Ces actions menées par les dirigeants algériens de la Révolution avaient soulevé tant de considérations et de soutiens, en Europe, dans le monde arabe et en Amérique, comme en témoignent soutiens et aides qu’apportèrent concrètement de nombreux hommes politiques et penseurs, français, allemands, autrichiens, suédois, suisses, italiens, grecs, espagnols, américains et canadiens à la cause des Algériens. Certains sont devenus chefs d’Etat, chanceliers, Premiers ministres et ministres, notamment J. F. Kennedy, B. Kreisky, Olof Palme, Pierre Elliott Trudeau et Michel Rocard.

Il est utile de rappeler, pour plus de liens, de contextes et d’éclairages, que le modèle d’Etat westphalien du XVIIe siècle – contemporain de l’Etat algérien du XVIe siècle – avait pour objectif d’instituer définitivement et pacifiquement un lien charnel et indéfectible de la triptyque : population, territoire et volonté nationale souveraine. Et in fine, mettre un terme aux conflits et aux violences communautaires cycliques en interne, rompre avec la continuelle composition et recomposition des populations, des territoires et des modifications des frontières au gré des allégeances, des accessions aux trônes ou des guerres de souverains et de princes aux motivations souvent religieuses.

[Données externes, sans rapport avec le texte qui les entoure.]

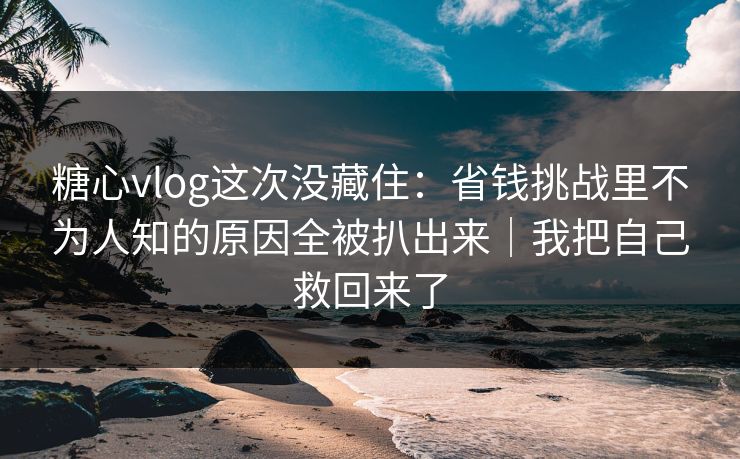 糖心vlog这次没藏住：省钱挑战里不为人知的原因全被扒出来｜我把自己救回来了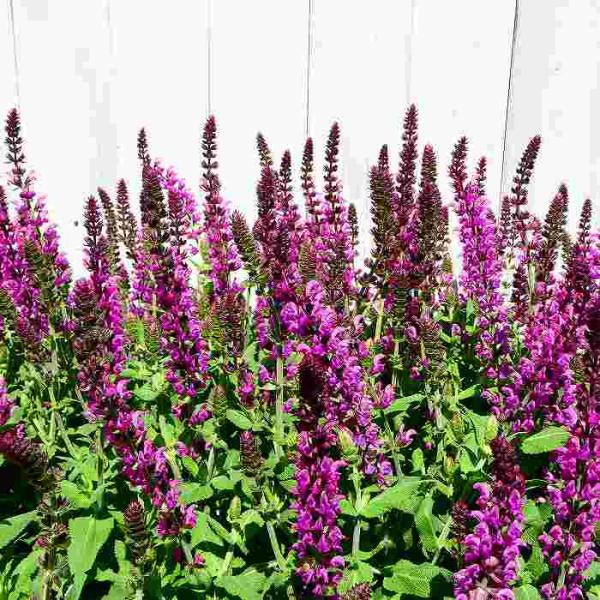 宿根サルビア エーペックス ピンク ネモローサ 3.5号 苗 ハーブ 宿根草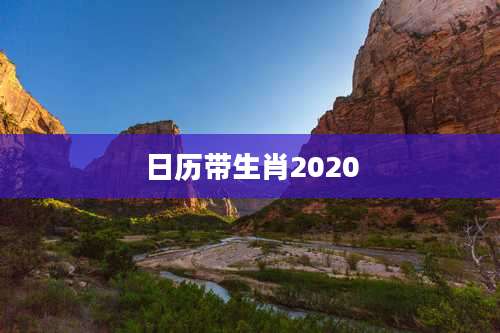 日历带生肖2020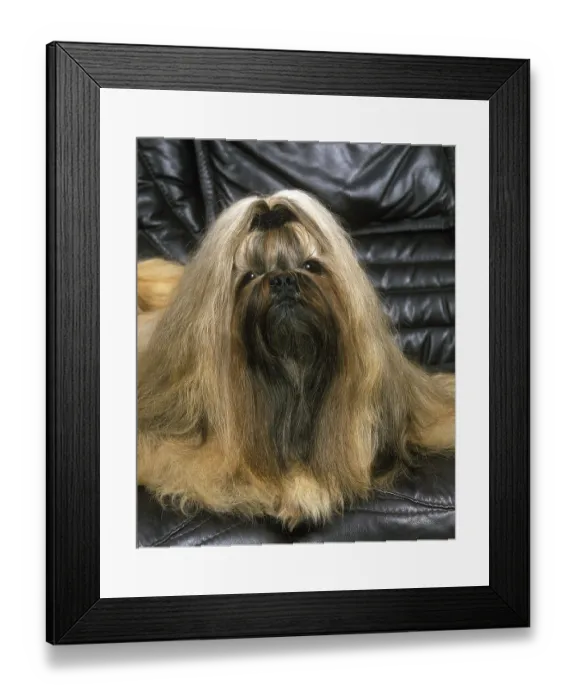 Framed Print : Shi Tzu dog lying on leather sofa Framed Print : Shi Tzu dog lying on leather sofa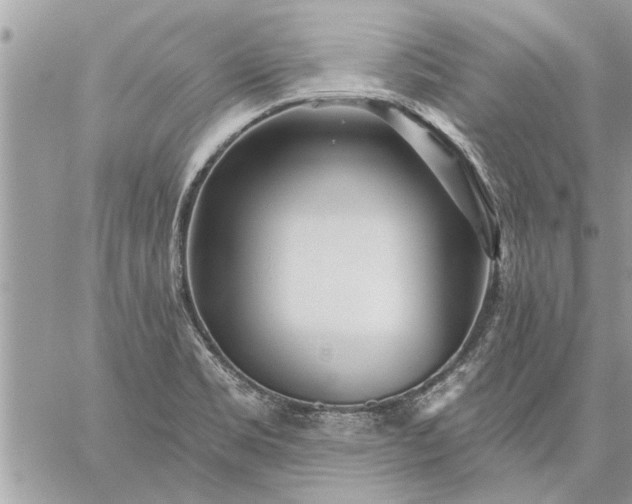 X0000059061469200510171927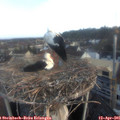 06_40-nest.jpg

L’État est une souveraineté du pays et un consensus scellé de ses citoyens

En quoi la révolution anglaise (1688–1689) avait-elle réglé la problématique de la corrélation entre l’Etat, la souveraineté, le Pontife et les autres pouvoirs institutionnels, notamment celui de l’Exécutif ? Comment la révolution française (1789-1799), qui avait donné à l’humanité le texte le plus universel sur la liberté et les droits de l’homme, avait-elle manqué la question de la corrélation entre l’Etat et la religion, demeurée en suspens faute d’avoir rapatrié le Primat ?

En quoi la Grande réforme allemande de l’Eglise et de l’Etat du XVIe siècle avait-elle débouché sur un bornage subtil entre un Etat souverain solide, un Exécutif fort et contrôlé, une implication permanente des citoyens ?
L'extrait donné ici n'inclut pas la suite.